> EXERCISE BRIEF
Could you give again exactly, and only, the lines from the one holding "Pablo collection green" through the end of the data, both ends included, with pictures left out?

____ STORED DATA

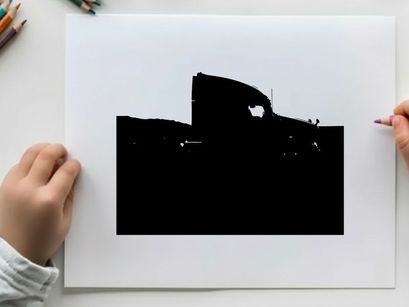 Silhouette of a semi truck driving on a road with mountains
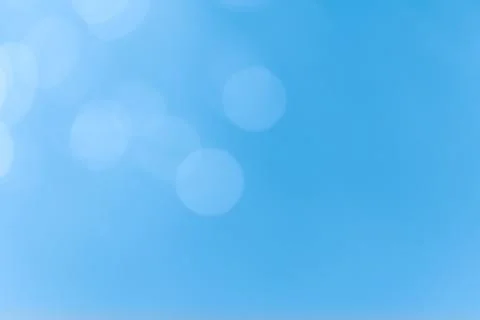 Abstract blue bokeh lights background with soft gradient and glow Stock Photos
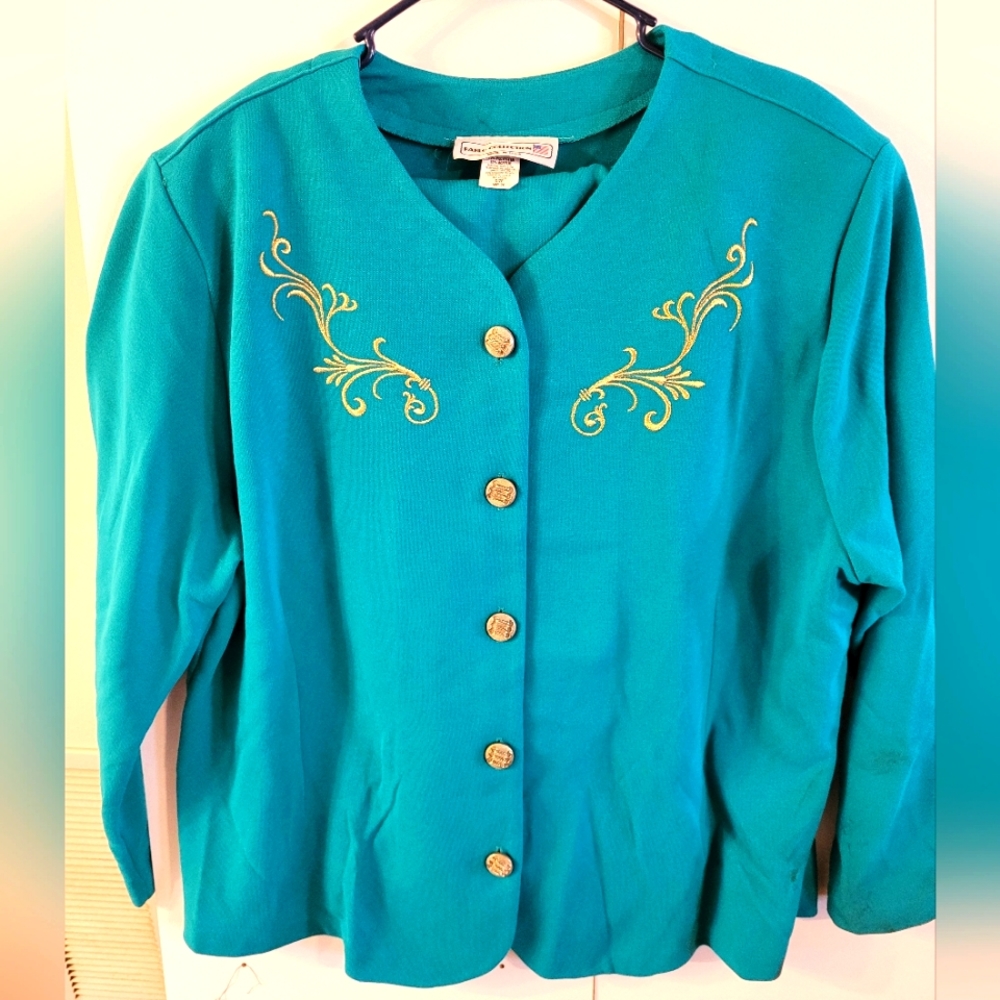 Pablo collection green skirt and jacket set with gold embellishments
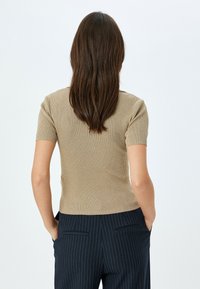 Beige ribbad kortärmad topp med en åtsittande design, kombinerad med mörka randiga byxor. Tyget verkar mjukt och strukturerat.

________

> EXPECTED ANSWER
 Pablo collection green skirt and jacket set with gold embellishments
 Beige ribbad kortärmad topp med en åtsittande design, kombinerad med mörka randiga byxor. Tyget verkar mjukt och strukturerat.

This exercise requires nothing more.